What you return must be the data below, word for word, without any images.
──────── Input material ────────
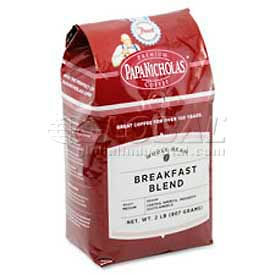 PapaNicholas® Premium Breakfast Blend Coffee Regular Arabica Bean 32 Oz. PCO32006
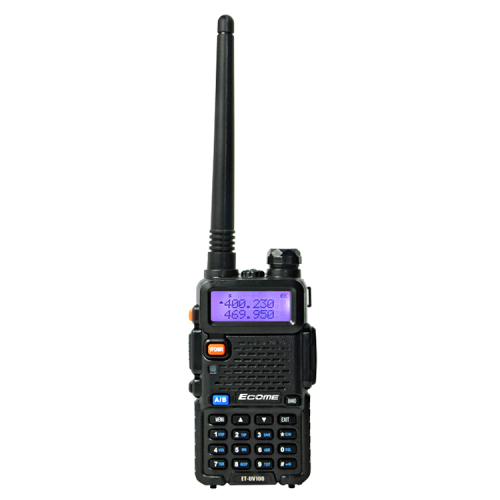 et-uv100 walkie talkie راديو ثنائي الاتجاه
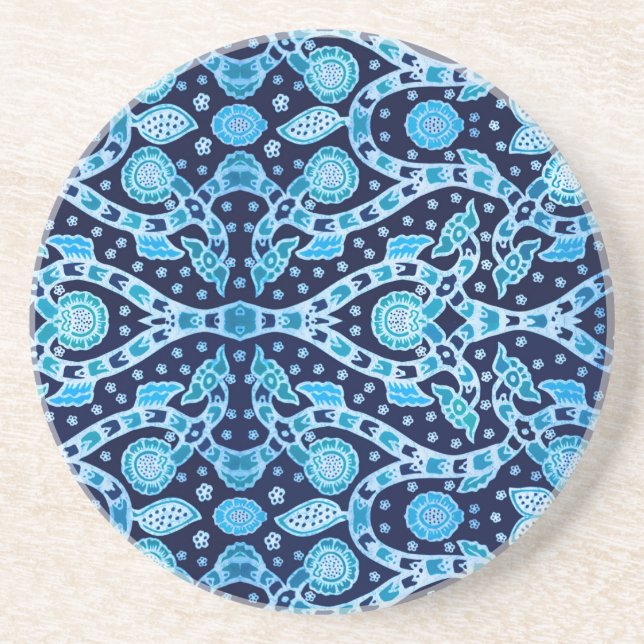 Dessous De Verre En Grès Batik Tribal Africain (Devant)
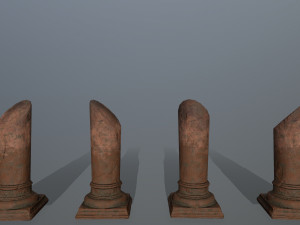 broken column 3D Model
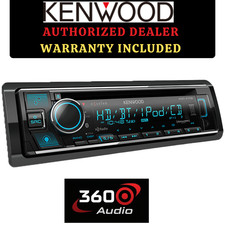 Kenwood eXcelon KDC-X705 Single DIN CD Receiver Bluetooth HD Radio Alexa USB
────────
* [Exercise answer]:
 PapaNicholas® Premium Breakfast Blend Coffee Regular Arabica Bean 32 Oz. PCO32006
 et-uv100 walkie talkie راديو ثنائي الاتجاه
 Dessous De Verre En Grès Batik Tribal Africain (Devant)
 broken column 3D Model
 Kenwood eXcelon KDC-X705 Single DIN CD Receiver Bluetooth HD Radio Alexa USB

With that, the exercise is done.